Exercise brief
Exact reproduction of every record is required, and pictures are to be excluded.

Provided material Start Marker

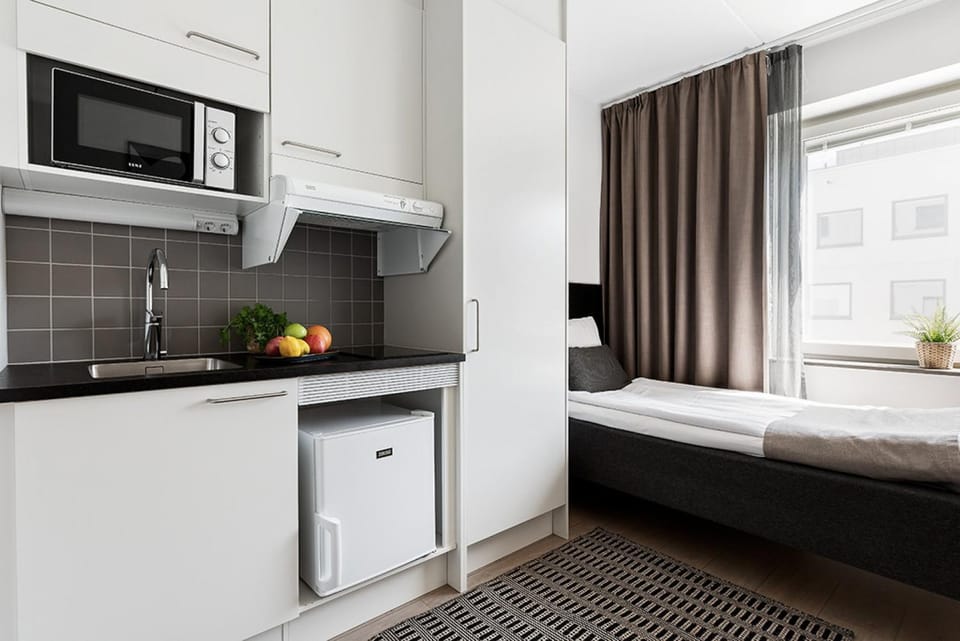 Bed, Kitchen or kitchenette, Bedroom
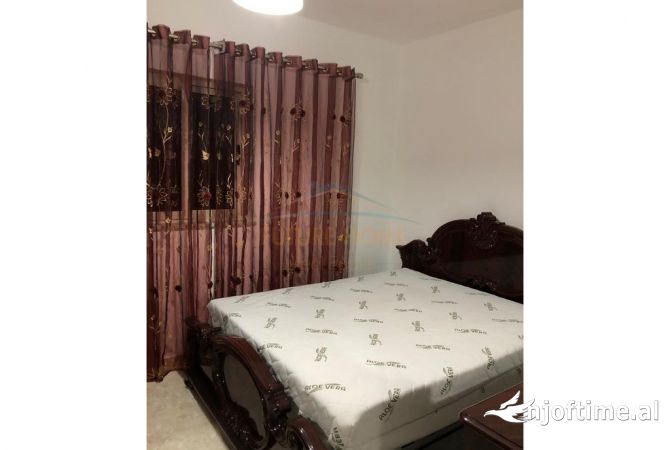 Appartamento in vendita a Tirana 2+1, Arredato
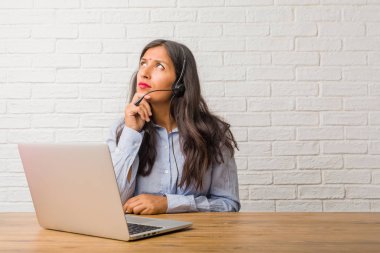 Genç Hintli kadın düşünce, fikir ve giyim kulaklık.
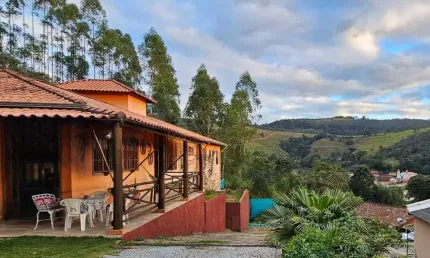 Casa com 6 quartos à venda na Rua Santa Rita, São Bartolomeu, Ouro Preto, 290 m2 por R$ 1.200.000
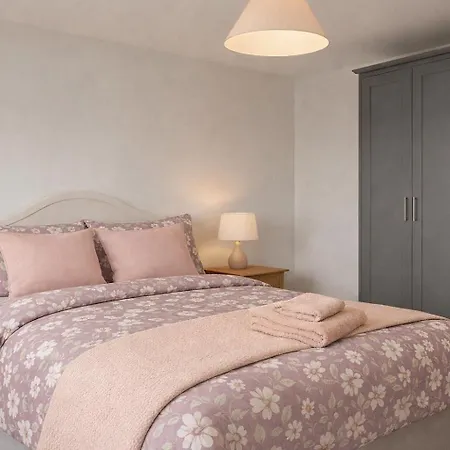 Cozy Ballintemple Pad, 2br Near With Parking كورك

Provided material End Marker

Solution to this exercise
 Bed, Kitchen or kitchenette, Bedroom
 Appartamento in vendita a Tirana 2+1, Arredato
 Genç Hintli kadın düşünce, fikir ve giyim kulaklık.
 Casa com 6 quartos à venda na Rua Santa Rita, São Bartolomeu, Ouro Preto, 290 m2 por R$ 1.200.000
 Cozy Ballintemple Pad, 2br Near With Parking كورك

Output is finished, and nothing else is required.